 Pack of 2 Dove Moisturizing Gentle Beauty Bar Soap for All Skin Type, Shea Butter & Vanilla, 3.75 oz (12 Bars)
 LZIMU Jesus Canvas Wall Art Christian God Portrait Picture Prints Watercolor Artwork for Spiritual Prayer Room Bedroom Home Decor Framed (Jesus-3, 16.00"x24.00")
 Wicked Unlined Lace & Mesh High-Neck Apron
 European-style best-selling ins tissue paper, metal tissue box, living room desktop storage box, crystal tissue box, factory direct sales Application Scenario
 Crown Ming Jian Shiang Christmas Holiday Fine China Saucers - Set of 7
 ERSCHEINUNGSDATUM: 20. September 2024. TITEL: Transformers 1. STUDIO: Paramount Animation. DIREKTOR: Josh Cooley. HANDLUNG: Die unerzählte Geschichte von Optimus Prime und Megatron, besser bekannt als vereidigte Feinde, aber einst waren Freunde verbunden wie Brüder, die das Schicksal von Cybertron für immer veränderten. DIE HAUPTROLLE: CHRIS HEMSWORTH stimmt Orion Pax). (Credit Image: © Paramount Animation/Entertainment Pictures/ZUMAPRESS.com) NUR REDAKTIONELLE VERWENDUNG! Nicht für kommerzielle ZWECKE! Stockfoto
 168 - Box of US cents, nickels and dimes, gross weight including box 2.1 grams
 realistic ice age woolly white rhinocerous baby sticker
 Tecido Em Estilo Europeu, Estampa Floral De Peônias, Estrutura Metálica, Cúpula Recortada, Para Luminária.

..............................

• _What to produce_:
Transcribe the listing above line for line, from the first line to the line containing "ERSCHEINUNGSDATUM: 20. September", inclusive, with no other lines.

• _Completed task_:
 Pack of 2 Dove Moisturizing Gentle Beauty Bar Soap for All Skin Type, Shea Butter & Vanilla, 3.75 oz (12 Bars)
 LZIMU Jesus Canvas Wall Art Christian God Portrait Picture Prints Watercolor Artwork for Spiritual Prayer Room Bedroom Home Decor Framed (Jesus-3, 16.00"x24.00")
 Wicked Unlined Lace & Mesh High-Neck Apron
 European-style best-selling ins tissue paper, metal tissue box, living room desktop storage box, crystal tissue box, factory direct sales Application Scenario
 Crown Ming Jian Shiang Christmas Holiday Fine China Saucers - Set of 7
 ERSCHEINUNGSDATUM: 20. September 2024. TITEL: Transformers 1. STUDIO: Paramount Animation. DIREKTOR: Josh Cooley. HANDLUNG: Die unerzählte Geschichte von Optimus Prime und Megatron, besser bekannt als vereidigte Feinde, aber einst waren Freunde verbunden wie Brüder, die das Schicksal von Cybertron für immer veränderten. DIE HAUPTROLLE: CHRIS HEMSWORTH stimmt Orion Pax). (Credit Image: © Paramount Animation/Entertainment Pictures/ZUMAPRESS.com) NUR REDAKTIONELLE VERWENDUNG! Nicht für kommerzielle ZWECKE! Stockfoto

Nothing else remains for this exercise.